Kondisi tersebut tidak akan mampu memperbaiki pertumbuhan ekonomi secara
berkualitas. Bahkan sektor riil yang bertahan tidak akan mampu mengantisipasi
kondisi pasar terkait nilai tukar (sulit diprediksi tingkat kestabilannya).
Daya saing sulit dipertahankan karena sebagian besar negara melakukan berbagai
efisiensi yang membutuhkan kepedulian pemerintah dalam kebijakan maupun
perilaku birokrasi.
Investor asing masih menjadi kebanggaan pemerintah untuk menumbuhkan ekonomi
Indonesia, sehingga semua pejabat sibuk berkunjung ke luar negeri untuk mencari
berbagai cara menarik minat investor. Sayangnya penawaran kepada investor asing
tidak disertai dengan berbagai tawaran konkret, bahkan pada tingkat
implementasinya Indonesia sendiri belum siap.
Apalagi investor asing tidak menguasai dan mengetahui kondisi Indonesia secara
utuh.
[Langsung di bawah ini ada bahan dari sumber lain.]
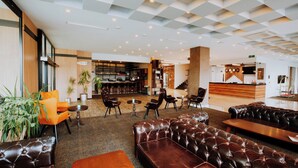 Un hall amplio con sofás de cuero, una barra de café y un mostrador de recepción.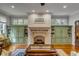 Inviting living room features a stone fireplace flanked by built-in bookshelves and a decorative coffee table at 7 Guerard Rd, Charleston, SC 29407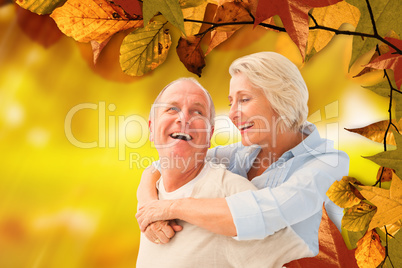 Composite image of happy mature couple smiling at each other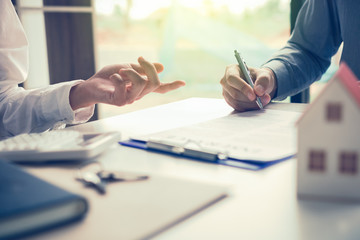 Real estate agent hand showing customer where to writing sign a contract of house or mortgage...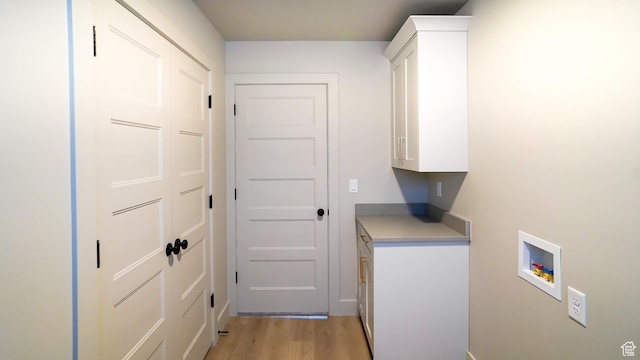954 W 1880 S, Syracuse, UT 84075 - laundry area featuring light wood-style flooring, washer hookup, and cabinet space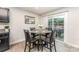Cozy dining nook with a glass-topped table, perfect for intimate meals at 4227 Mackinnon Dr, Charlotte, NC 28214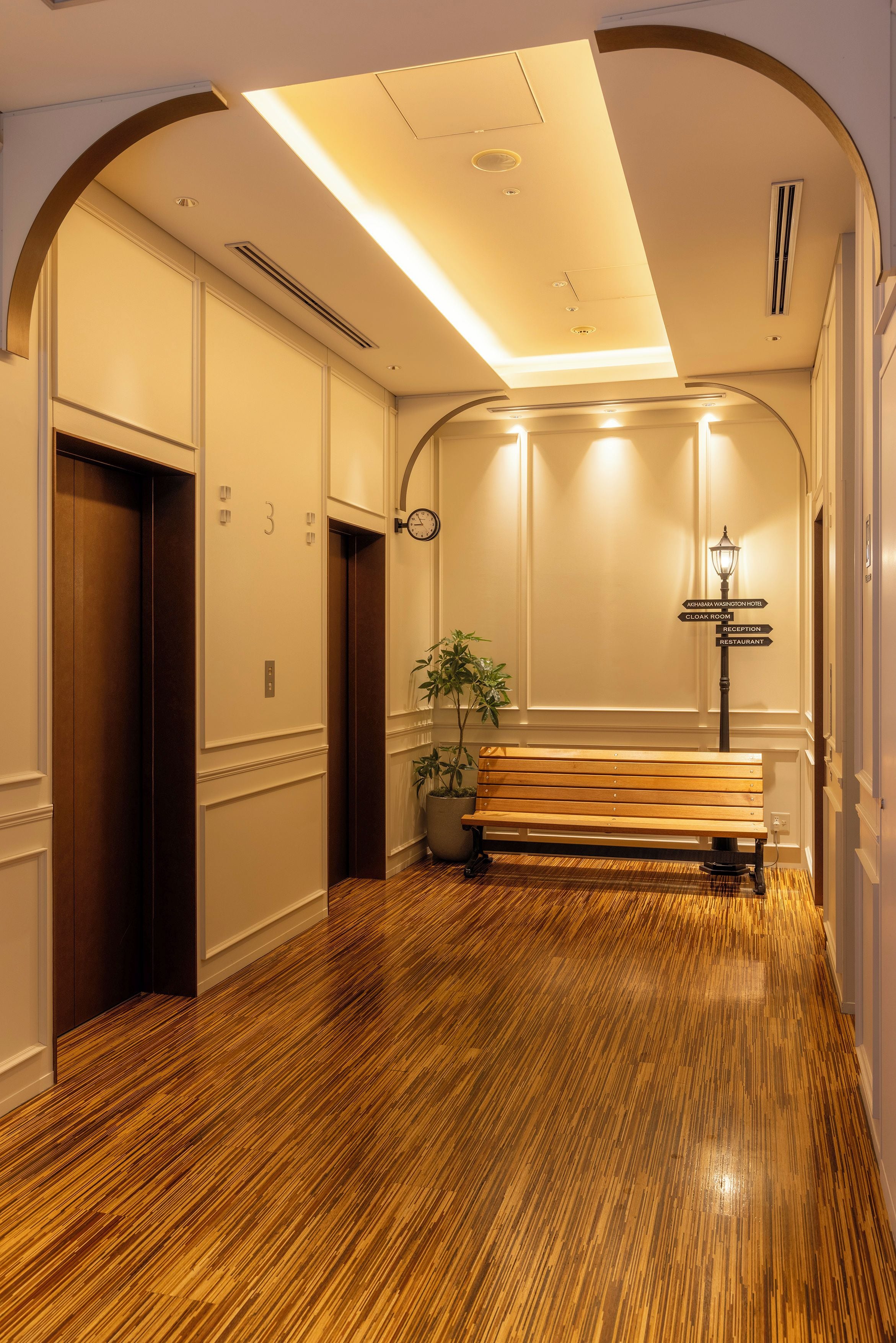 A hotel corridor with wooden flooring, an elevator, a bench, and directional signs to the cloak room, reception, and restaurant.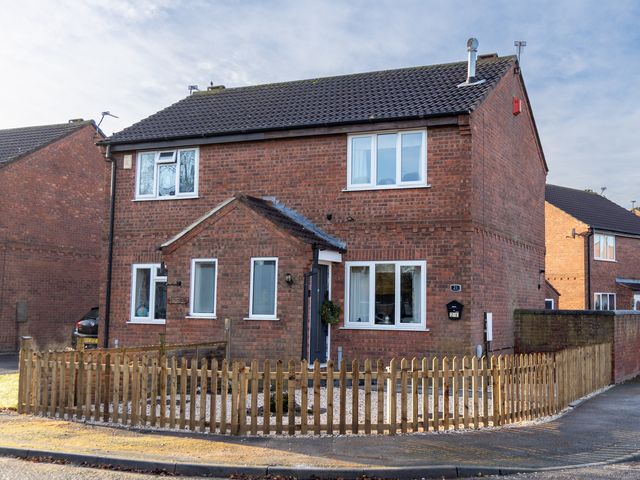A house with a fence and garden at Deer Hill Grove in York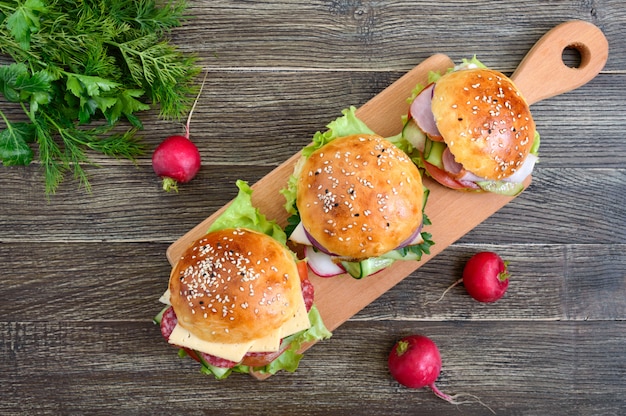 Różni Hamburgery Na Drewnianej Desce. Domowa Bułka Z Szynką Lub Mięsem Lub Salami, Warzywami, Ziołami. Kanapki Na Lunch. Widok Z Góry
Mungkin yang mereka kenal hanya Bali. Untuk menarik minat investor asing
mungkin masih membutuhkan waktu cukup lama, selain masalah keyakinan yang belum
tercipta di benak investor asing. Masalah lain yang menjadi indikator investor
asing adalah investor domestik.
Selama ini investor asing melihat bahwa investor domestik Indonesia justru
banyak yang menempatkan investasi di luar negeri. Itu berarti bahwa Indonesia
masih berisiko untuk investasi.
Untuk mempercepat pertumbuhan ekonomi, pemerintah seharusnya lebih banyak
berorientasi pada pengembalian dana investor domestik yang sejak krisis ekonomi
tahun 1998 banyak mengalir keluar ke negara-negara yang dianggap lebih aman.
Saat ini mereka belum banyak yang mengembalikan dana ke Indonesia untuk
investasi. Selain berbagai masalah politik yang dianggap sangat berperan dalam
ekonomi Indonesia, juga masalah korupsi yang sedang banyak digarap Komisi
Pemberantasan Korupsi (KPK), Badan Pemeriksa Keuangan (BPK), dan lembaga lain.
Karena itu, ketakutan mereka justru dana tidak aman bila kembali ke Indonesia.
Perlu dipikirkan cut off atas persoalan yang banyak menyangkut kebijakan dan
fasilitas pemerintah di masa lalu, khususnya bagi pengusaha. Bila pemerintah
memaksakan memburu harta koruptor dan pengusaha terus-menerus, itu belum tentu
mampu dicapai. Bahkan yang terjadi biaya yang dikeluarkan lebih besar daripada
tingkat pengembaliannya.
Yang lebih ironis adalah rakyat justru tambah miskin, dan karena pemerintah
dianggap salah dalam memberikan solusi. Bahkan dari hasil survei, rakyat miskin
tidak peduli dengan pemberantasan korupsi. Yang penting mereka dapat pekerjaan
dan hidup layak. Sedangkan yang lebih peduli terhadap pemberantasan korupsi
adalah kaum elite.
Yang menarik dari banyak kasus korupsi yang diangkat lebih banyak digunakan
sebagai alat pembunuhan karakter, atau mencari kesalahan untuk menjegal lawan
di tingkat politik maupun akademis. Lihat saja ketika akan dilakukan pemilihan
kepala daerah, maka mulai diusik masa lalu terkait dengan korupsi calon yang
lain. Contoh lain seorang akademisi baru diusik masalah dugaan korupsi, karena
yang bersangkut menjadi calon hakim agung.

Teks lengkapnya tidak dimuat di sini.